§ ACTIVITY:
Leave every picture out, and retype all the remaining records exactly.

[Short descriptive text snippets]

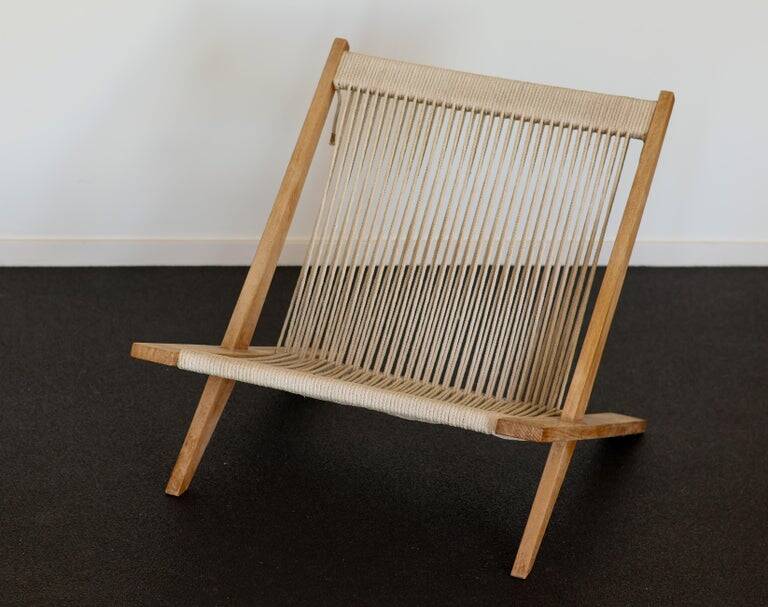 The seminal JH 106 easy chair by Poul Kjærholm & Jørgen Høj – 1952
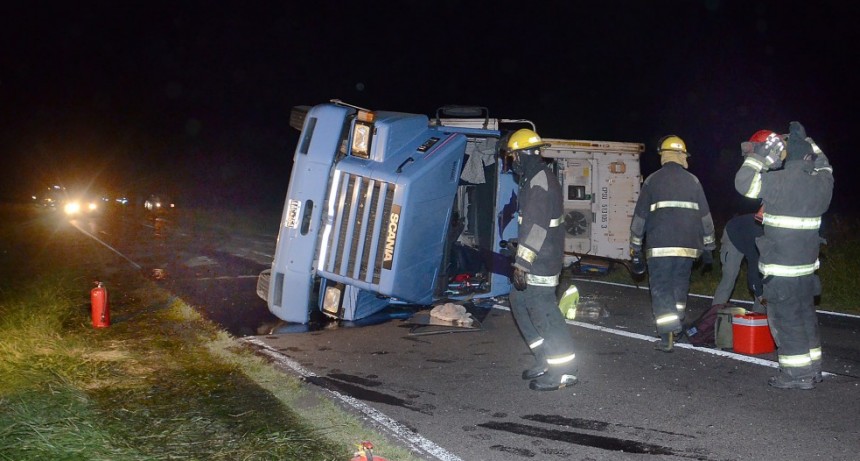 Ruta 226: Volcó un camión cargado de bananas que venía de Mendoza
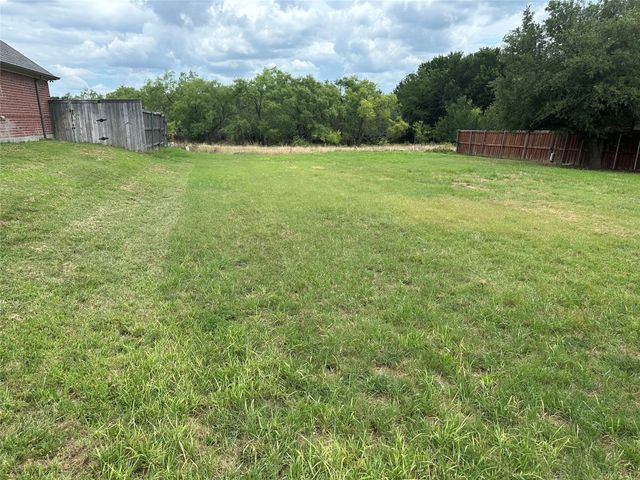 3121 Preston Club Drive, Sherman, TX 75092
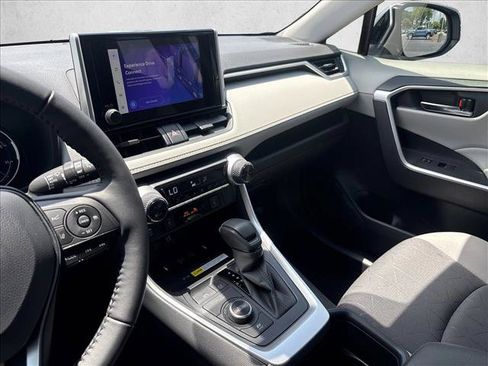 Certified 2025 Toyota RAV4 XLE w/ Convenience Package AWD/4WD image 15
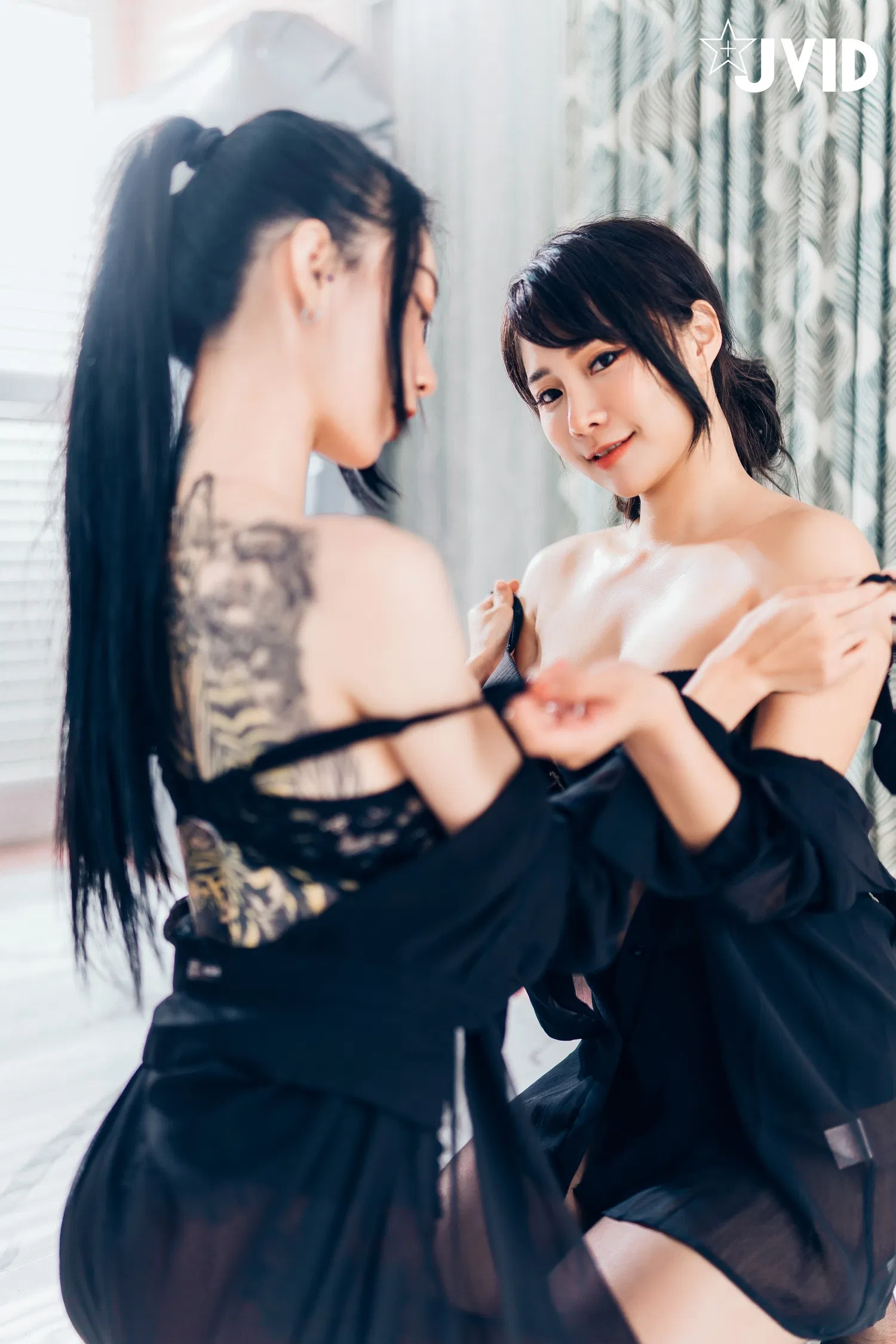 [JVID] Lele 樂樂 & 飄飄哥 - 上司新人下属 无内黑丝终极奥义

§ SOLUTION TO THIS PROBLEM:
 The seminal JH 106 easy chair by Poul Kjærholm & Jørgen Høj – 1952
 Ruta 226: Volcó un camión cargado de bananas que venía de Mendoza
 3121 Preston Club Drive, Sherman, TX 75092
 Certified 2025 Toyota RAV4 XLE w/ Convenience Package AWD/4WD image 15
 [JVID] Lele 樂樂 & 飄飄哥 - 上司新人下属 无内黑丝终极奥义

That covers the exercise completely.